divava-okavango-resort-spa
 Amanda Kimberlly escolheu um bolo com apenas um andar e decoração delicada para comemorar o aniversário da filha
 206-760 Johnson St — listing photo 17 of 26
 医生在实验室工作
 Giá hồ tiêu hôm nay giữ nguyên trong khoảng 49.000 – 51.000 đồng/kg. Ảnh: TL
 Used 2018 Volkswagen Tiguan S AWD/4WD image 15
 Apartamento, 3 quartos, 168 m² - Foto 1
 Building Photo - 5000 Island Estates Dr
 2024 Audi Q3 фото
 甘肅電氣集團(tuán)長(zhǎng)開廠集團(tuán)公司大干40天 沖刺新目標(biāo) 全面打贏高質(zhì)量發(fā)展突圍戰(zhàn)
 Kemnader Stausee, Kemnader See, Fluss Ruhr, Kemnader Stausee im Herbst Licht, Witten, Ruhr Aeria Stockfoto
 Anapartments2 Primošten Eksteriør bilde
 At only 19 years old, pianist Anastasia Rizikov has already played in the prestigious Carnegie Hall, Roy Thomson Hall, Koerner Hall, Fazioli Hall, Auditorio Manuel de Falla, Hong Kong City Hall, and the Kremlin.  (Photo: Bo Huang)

---+---

Assigned task: Output the records in full. Match them exactly.

Output for this exercise:
divava-okavango-resort-spa
 Amanda Kimberlly escolheu um bolo com apenas um andar e decoração delicada para comemorar o aniversário da filha
 206-760 Johnson St — listing photo 17 of 26
 医生在实验室工作
 Giá hồ tiêu hôm nay giữ nguyên trong khoảng 49.000 – 51.000 đồng/kg. Ảnh: TL
 Used 2018 Volkswagen Tiguan S AWD/4WD image 15
 Apartamento, 3 quartos, 168 m² - Foto 1
 Building Photo - 5000 Island Estates Dr
 2024 Audi Q3 фото
 甘肅電氣集團(tuán)長(zhǎng)開廠集團(tuán)公司大干40天 沖刺新目標(biāo) 全面打贏高質(zhì)量發(fā)展突圍戰(zhàn)
 Kemnader Stausee, Kemnader See, Fluss Ruhr, Kemnader Stausee im Herbst Licht, Witten, Ruhr Aeria Stockfoto
 Anapartments2 Primošten Eksteriør bilde
 At only 19 years old, pianist Anastasia Rizikov has already played in the prestigious Carnegie Hall, Roy Thomson Hall, Koerner Hall, Fazioli Hall, Auditorio Manuel de Falla, Hong Kong City Hall, and the Kremlin.  (Photo: Bo Huang)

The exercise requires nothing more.